2.1 Species and Populations

Species and Populations

To start this new unit I begin with some simple definitions then tackle the fundamental and realised niche. I find this brings students straight into the world of ecology, actively using words that can be hard to understand without a context.

I follow the niche work with some more definitions again followed by a practical activity on biotic interactions to start students thinking about species and population level interactions.
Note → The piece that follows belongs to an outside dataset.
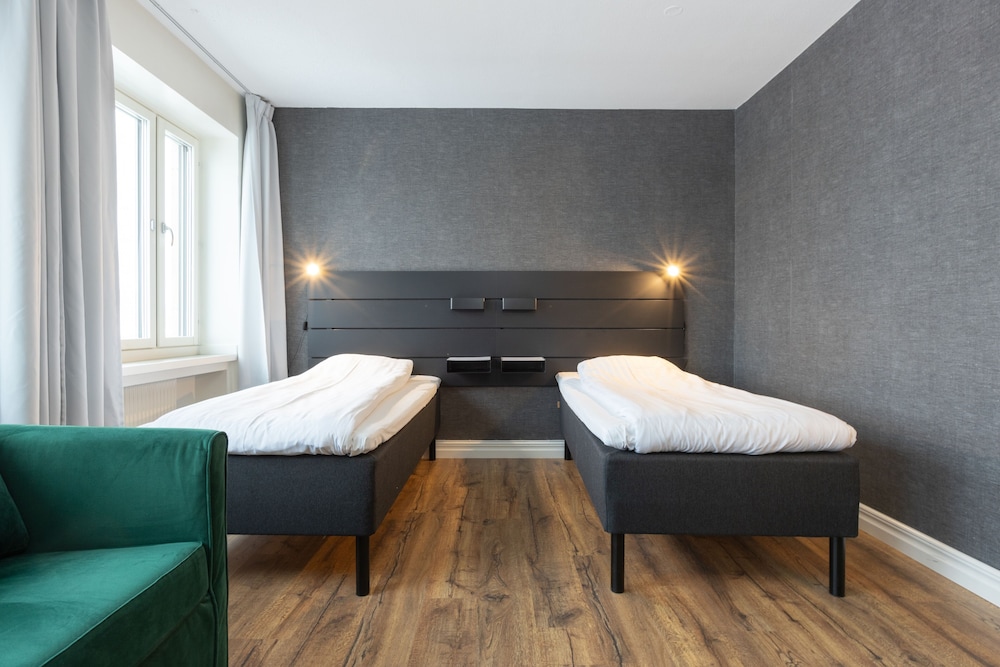 Hotel Victoria 6/50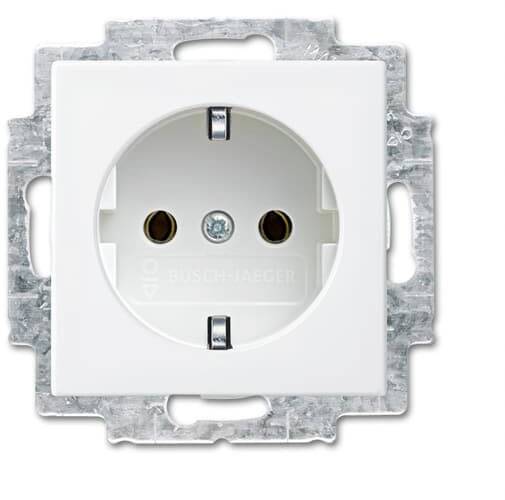 Presa elettrica bianca con due fori e contatto di terra, montata su un supporto metallico.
An exercise modelling population growth introduces S and J curves, carrying capacity and limiting factors and then to finish off the sub-topic there are practical activities for data analysis and thinking with wolves, climate change and Clark's Nutcrackers.

Significant ideas:
• A species interacts with its abiotic and biotic environments, and its niche is described by these interactions.
• Populations change and respond to interactions with the environment.
• Any system has a carrying capacity for a given species.

Recommended Teaching Time (not including practicals): 5 hours

Checking Understanding: Are Your Ready?

All these questions can be answered using the resources here and the sub-pages for 2.1.
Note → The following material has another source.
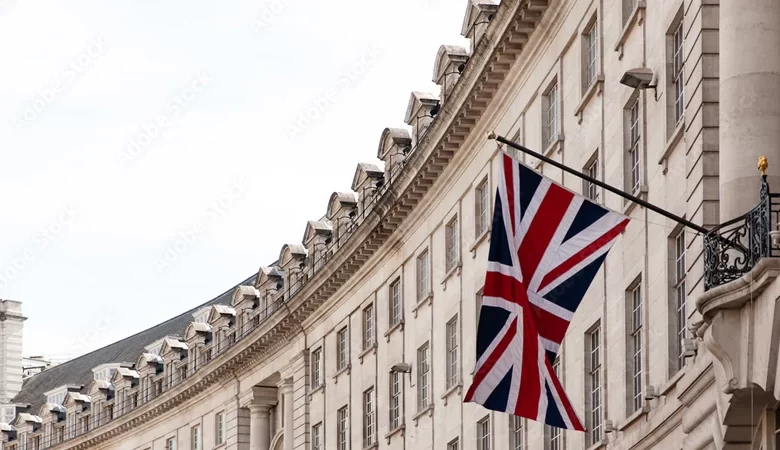 ১০ হাজারের বেশি বাংলাদেশিকে ফেরত পাঠাবে যুক্তরাজ্য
  1. Define the terms species and population.
  2. Define the terms habitat and niche and give examples of each.
  3. Compare the terms fundamental niche and realized niche and provide an example.
  4. Outline the following abiotic factors that can affect a species distribution: temperature, sunlight, pH, salinity, precipitation.
  5. Use this diagram with an example to explain how an abiotic factor can affect the distribution of a species. 

 

  1. Outline the following biotic factors that can affect species distribution: predation, herbivory, parasitism, mutualism, disease, competition.
  2. Give examples of intraspecific competition and interspecific competition.
  3. Describe how both intra and interspecific competition can affect niche size.
  4. Describe how competition can affect species diversity.
  5. Define exponential growth and draw an exponential (J-shaped) population curve.
  6. Draw and annotate a logistic (S-shaped) growth curve, be sure to address numbers and rates of growth.
  7. Define the term carrying capacity.
  8. Give two examples each of density independent and density dependent factors that can affect population size.
  9. Explain how density dependent factors are related to the logistic growth curve. 
  10. Explain how predation, herbivory, parasitism, mutualism, disease, and competition can affect the carrying capacity of a population.

1. Fundamental vs Realised Niche

Significant Idea:

  • A species interacts with its abiotic and biotic environments, and its niche is described by these interactions.

Student Tasks and Teaching Strategies

To start this sub-topic I have chosen to start with Introducing the Niche​. This has been expanded upon since the last syllabus and now students are expected to understand the difference between a realised and a fundamental niche. I have found that this immediately has helped students to gain a deeper understanding of ecological concepts.

This is a definition heavy section of the course and so it is inevitable that many terms are defined and put into context.

As part of this first concept students develop case studies of different fundamental and realised niches.  1 2.1 Fundamental vs Realised Niches 

2. Biotic Interactions

Significant Idea:

  • Populations change and respond to interactions with the environment.

Student Tasks and Teaching Strategies

Students again need to learn a lot of definitions here and be able to identify the types of interactions that are occurring.

Try Biotic Interactions

3. Population Growth

Significant Idea:

  • Populations change and respond to interactions with the environment.
  • Any system has a carrying capacity for a given species.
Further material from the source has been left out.